## COLLECTED MATERIAL
◇ ◇ ◇

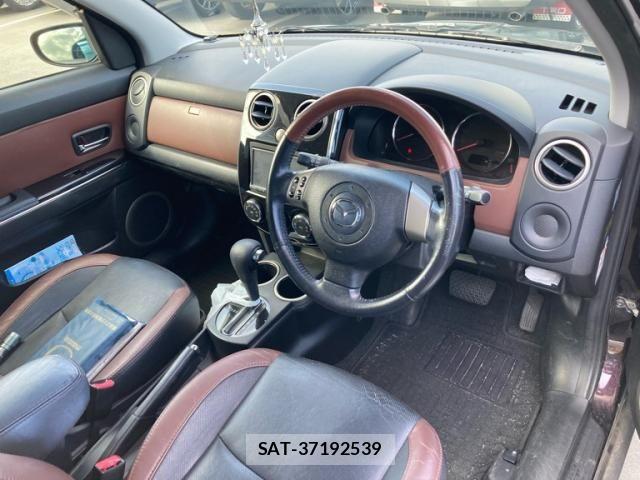 Mazda VERISA 2009-08 7790124-15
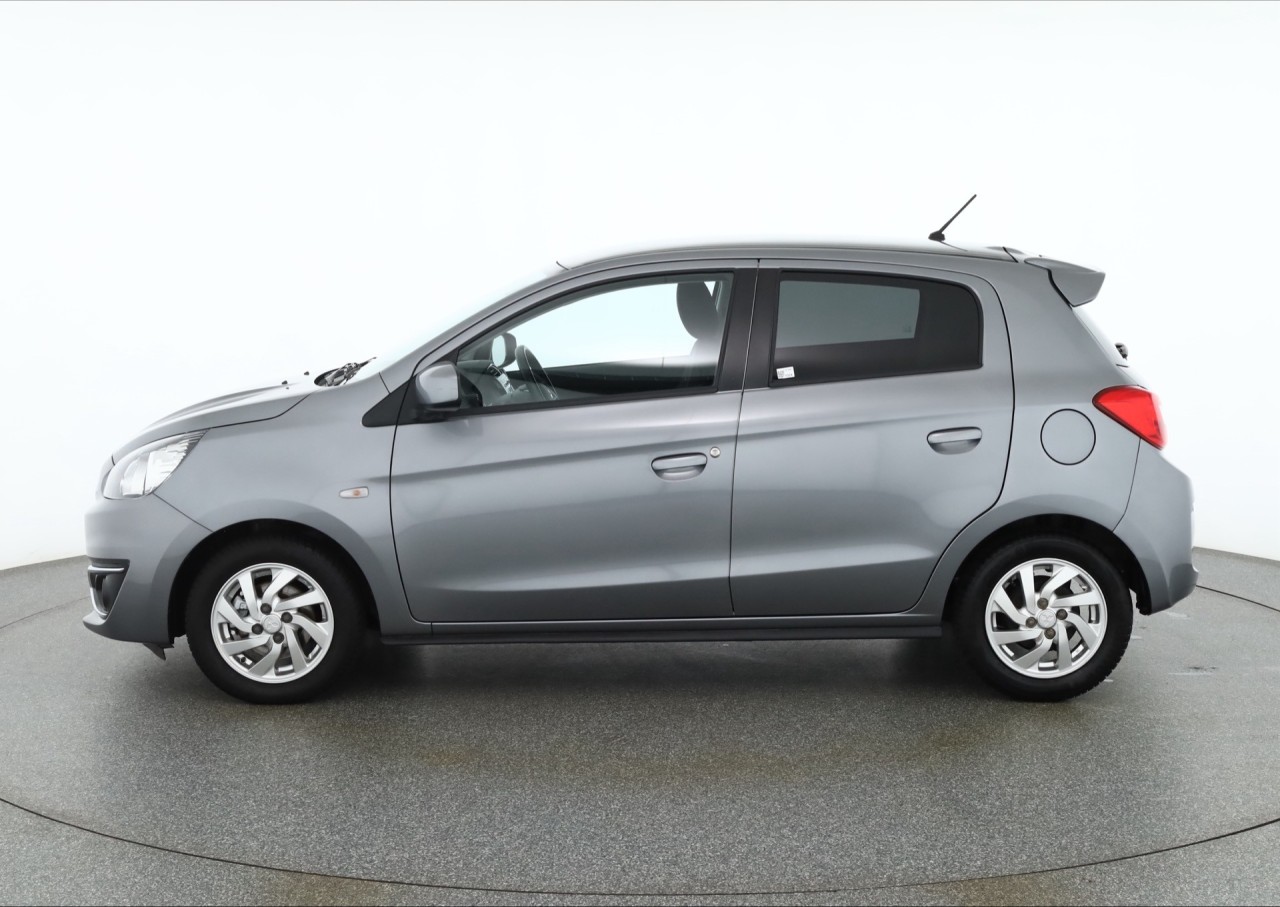 Mitsubishi Space Star 1.2 CVT Top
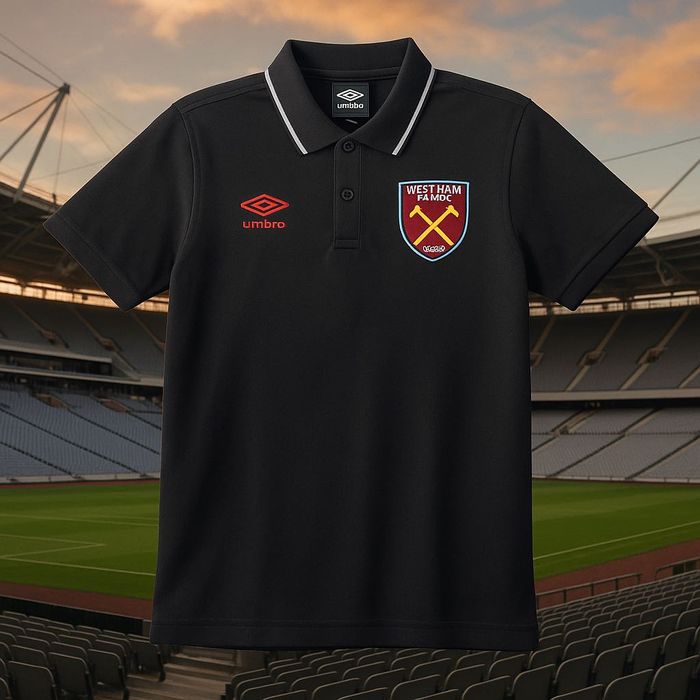 WEST HAM UMBRO мъжка тениска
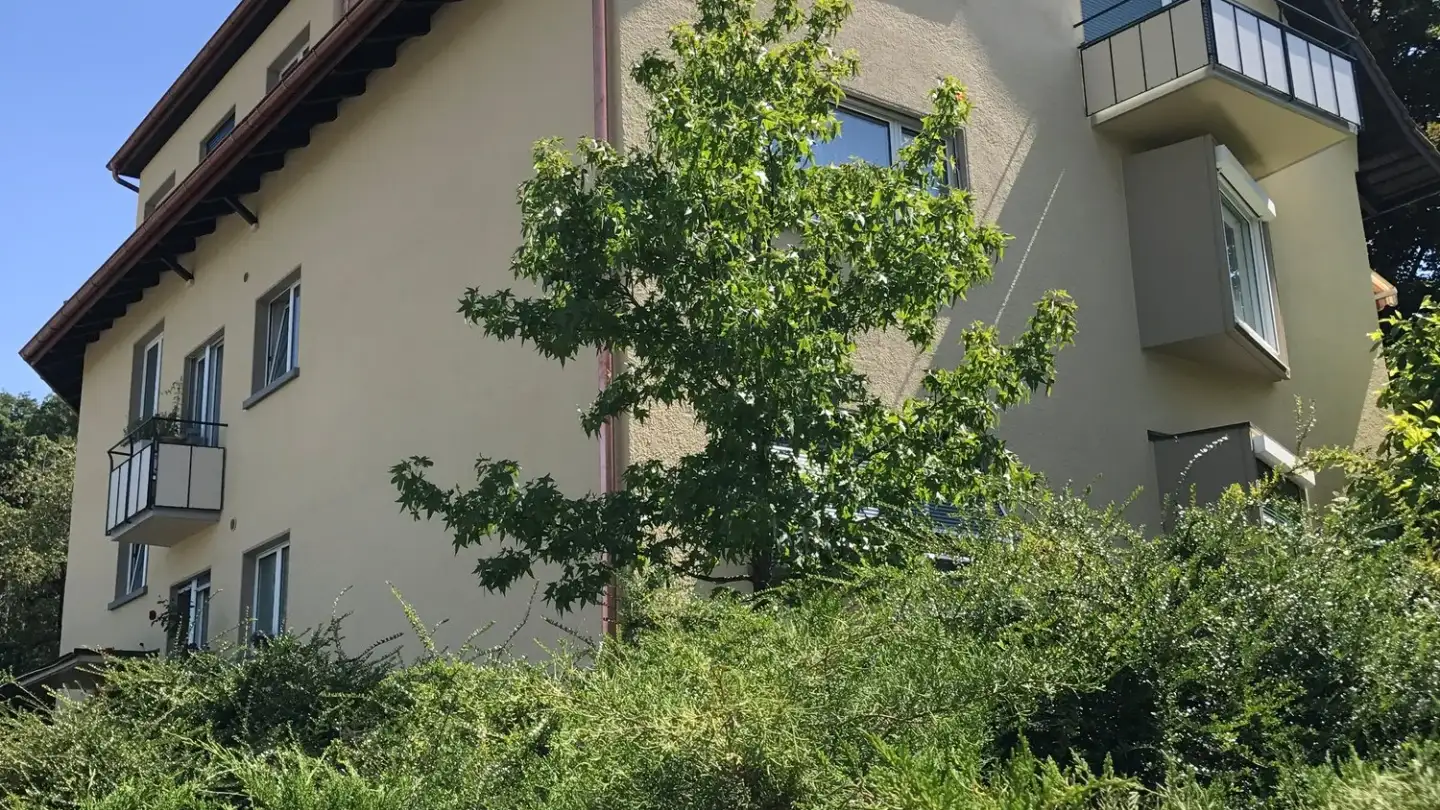 Penthouse for rent - Letzistrasse 50, 8006 Zürich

◇ ◇ ◇

## THE TASK
Would you write out the material above in full, exactly as given, except for its pictures?

## YOUR RESPONSE
 Mazda VERISA 2009-08 7790124-15
 Mitsubishi Space Star 1.2 CVT Top
 WEST HAM UMBRO мъжка тениска
 Penthouse for rent - Letzistrasse 50, 8006 Zürich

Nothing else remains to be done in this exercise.